Выбери любимый жанр

Между плахой и секирой - Чадович Николай Трофимович - Страница 17


Изменить размер шрифта:

17

Тут взгляд Толгая совершенно случайно упал на колчан того самого аггела, который вогнал ему в грудь роковую стрелу. Среди стрел торчали свежие веточки недавно сорванного бдолаха. Такие же заначки имелись и у других мертвецов.

Рожденный в мире, где человек еще окончательно не отделился от природы, Толгай привык жить по законом вольного зверя. Он легко переносил голод и жажду, но при каждом удобном случае нажирался до отвала. Этого же принципа он придерживался и при лечении бдолахом.

Сжевав все веточки, до которых можно было дотянуться, он принял позу, наименее бередящую раны, и, помня наставления Верки, стал страстно желать исцеления. Получалось это плохо – не давал сосредоточиться звенящий гул в ушах, клокочущая в горле кровь и сжигающая нутро острая боль.

По мере того как его глаза застилала мгла, жизнь теряла свою привлекательность и казалась уже не волшебным даром, а постылой, унизительной обузой.
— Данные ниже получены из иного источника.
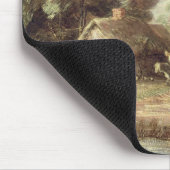 Landschaft mit einer Kirche, Hütte, Dorfbewohner Mousepad (Ecke)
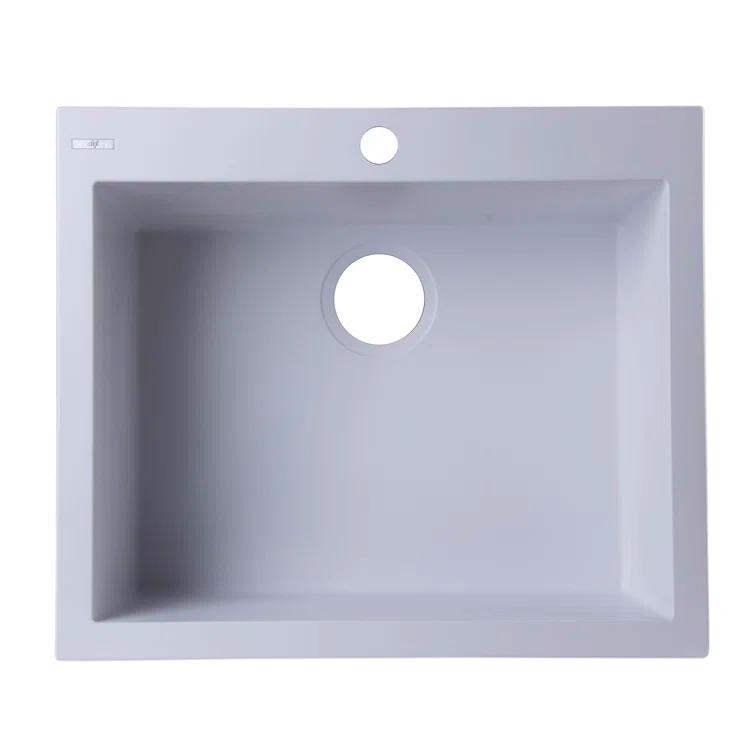 23.63'' L Drop-In Single Bowl Granite Kitchen Sink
Смерть же, наоборот, обещала скорое избавление от забот и страданий… А что, если Зяблик прав и бессмертная человеческая душа, покинув разрушенную оболочку, каждый раз начинает новое существование?

Подумав о Зяблике, он сразу вспомнил и всех остальных: занудливого, но незаменимого Смыкова, добродушного, хотя и не в меру разговорчивого Цыпфа, восторженную Лилечку, отчаянную Верку. Где они сейчас, что с ними, живы ли еще? Поминают ли его добрым словом или клянут? Ведь он так подвел друзей, понадеявшихся на него в этот грозный момент…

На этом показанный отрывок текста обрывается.